Whether your system has APM or ACPI, we seamlessly integrate the suspend functionality into Linux, so you can simply run "hibernate" or hit a function key sequence (like [Fn][F4]) to suspend your machine instantly.

BlueKeys Function Keys

Many laptop functions can be controlled using BlueKeys function key sequences (like [Fn][F12]). The most common of these features are volume controls, LCD brightness controls, external VGA, wireless power, suspend and hibernate. These features are fully supported under Linux on most of our laptops.

Biometric Fingerprint Scanner

The fingerprint scanners on the Raven, Toucan, Koala, Rhino, and Tiger are fully supported in Linux.

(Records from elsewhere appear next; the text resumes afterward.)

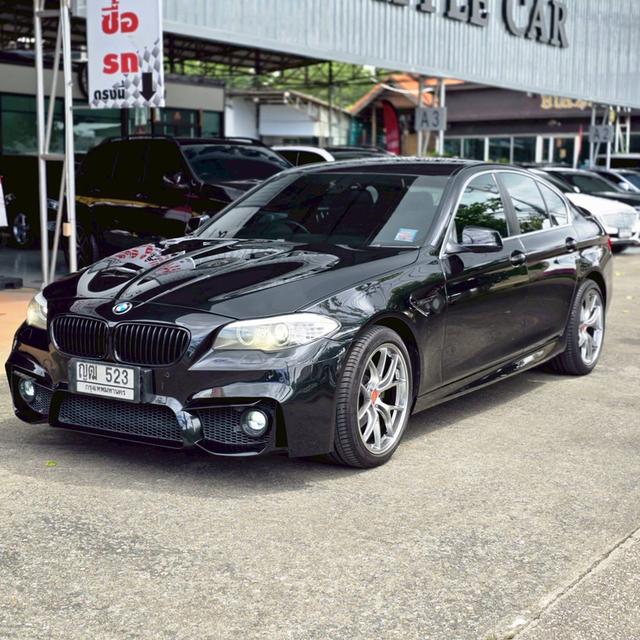 รหัสรถ BAC523 🚗💨BMW 523i Highline (F10) ปี 2011 สีดำ 5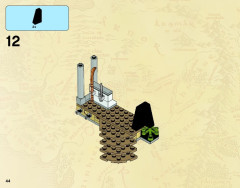 LEGO 79006 instructions page 44 – build guide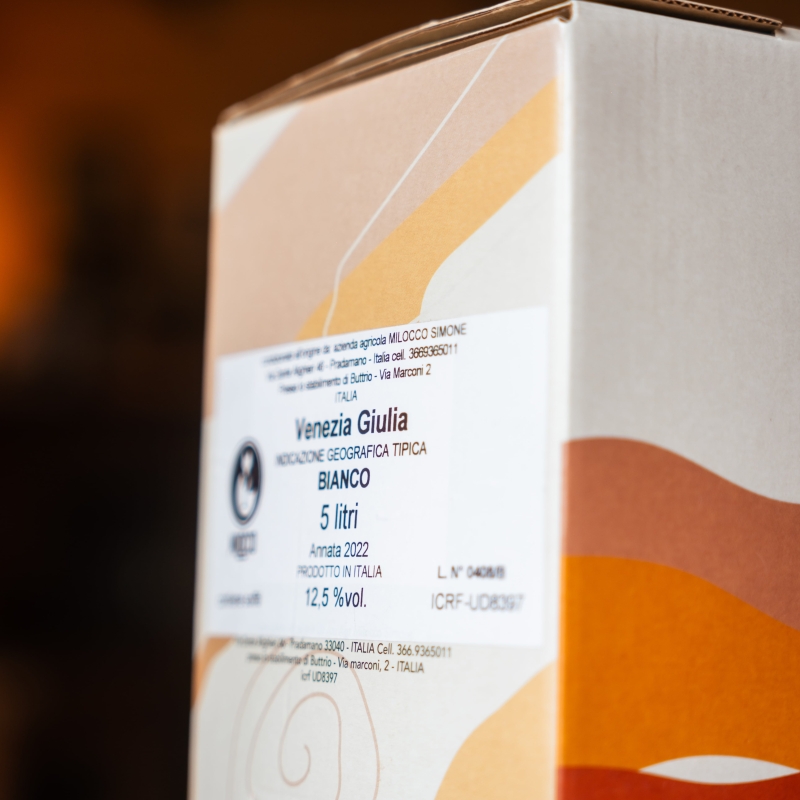 Vini Bianchi - Bottega del Friuli
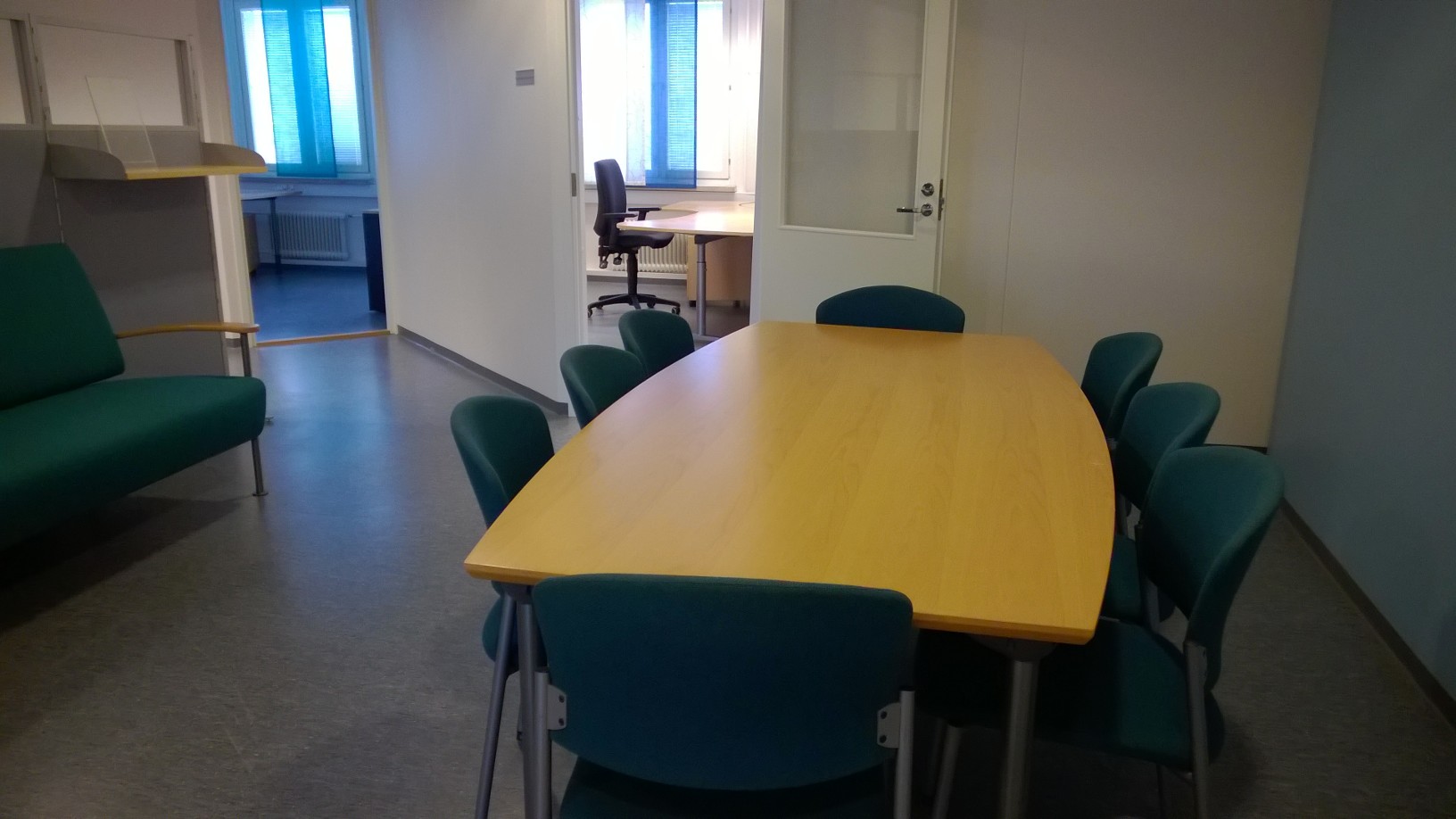 Aloittavan yrittäjän tilapalvelu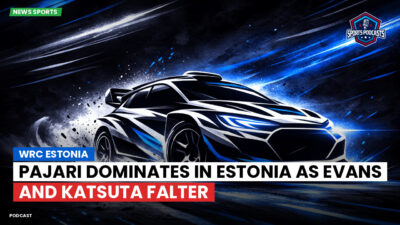 WRC Rally Podcast: WRC Estonia: Pajari dominates in Estonia as Evans and Katsuta falter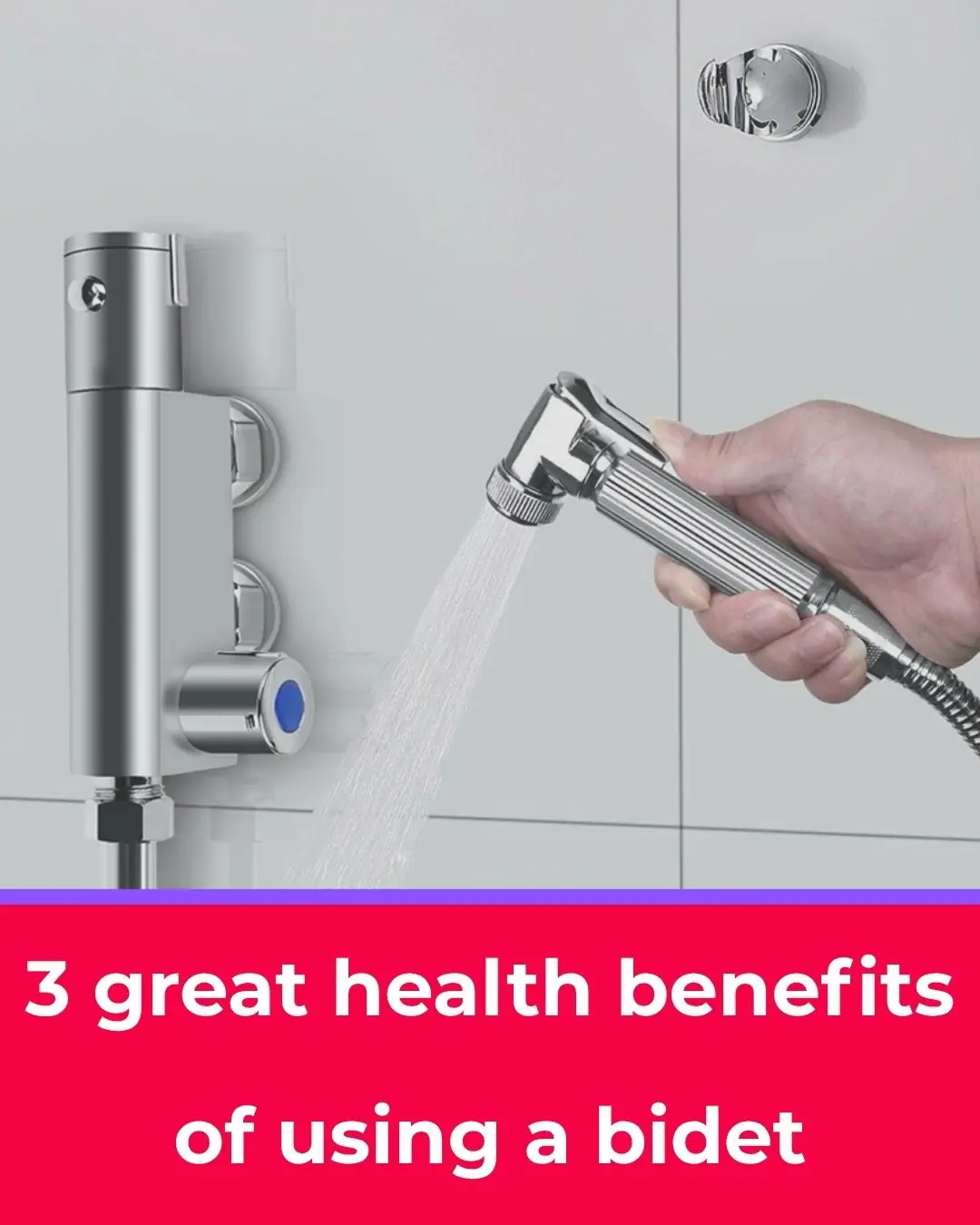 3 powerful health benefits of using a bidet — plus a bonus for the planet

They are tied into the laptops' security services using PAM. They are currently linked to gdm, login, and su. (Others are possible.) All you have to do is train your fingerprints, then you can use them to log in. (Or you can fall back to typing your password.)

The fingerprint scanners on the Gazelle, Ibex, and SilverComet series may soon be supported.

Port Replicator

Port replicators are fully tested and supported; plug in your big desktop monitor, keyboard, mouse, and printer. (The Emperor uses an HP LaserJet 2100 connected to his Toucan via the IBM port replicator.) It all works flawlessly. But most importantly, it works with your Palm Pilot.

Parallel Port (25 pin)

Tested with: HJ DeskJet 320, HJ DeskJet 648C (color), HP LaserJet 2100, Epson 9, 24 pin, Tek Phaser 780, Iomega Zip drives - all sizes

Serial Port (9 pin)

Tested with: Palm Pilot 5000, Palm III, Palm V, (also used to debug the Emperor's DSL router)...

VGA Port (15 pin)

All systems tested to display external VGA to desktop CRT's, flat LCD panels, and LCD projectors. All systems can display their native resolution to the external screen, or any lower resolution. Certain models can send higher resolution than native to the external display. Some even have NVIDIA TwinView (Rhino) support.


Some of our higher-end professional systems feature S-Video output, allowing you to connect your system to any TV with an S-Video input. S-Video capable TV's can generally display 800x600, and HDTV's can display 1024x768. Currently, the Rhino has the best S-Video support.

PCMCIA / CardBus

PCMCIA is the standard for laptop expandability, and our systems come with full kernel support for all your CardBus and PCMCIA cards, including hot-plug loading of the firmwares on many newer CardBus cards. This gives our laptops capabilities including: 2nd ethernet cards, upgraded wireless ethernet (802.11 a/b/g) cards, SCSI adapters, CDROMs, PCMCIA Zip drives, and Clik! drives.

Compact Flash
Compact Flash Logo

We support mounting Compact Flash memory cards in all our systems. The Raven X31 and Koala X1 series have an internal CF reader. For other systems, you will need a Compact Flash card reader for your PCMCIA slot. We have tested these under Linux, and have them available.

Solid State Drive

Solid State Drives (SSD) are storage devices where the bits are stored in flash ram chips, and not on physically rotating platters. Since there are no moving parts, SSD drives are 2x-3x times faster than traditional 7200rpm drives. They are also much more robust to high G-loads, and have a longer lifetime MTBF than traditional drives.

Web Camera

Several of our current Dell Latitude and Lenovo ThinkPad models have integrated webcams. These webcams are fully supported under Linux, both for taking still pictures, and for use in video conferencing applications like ekiga.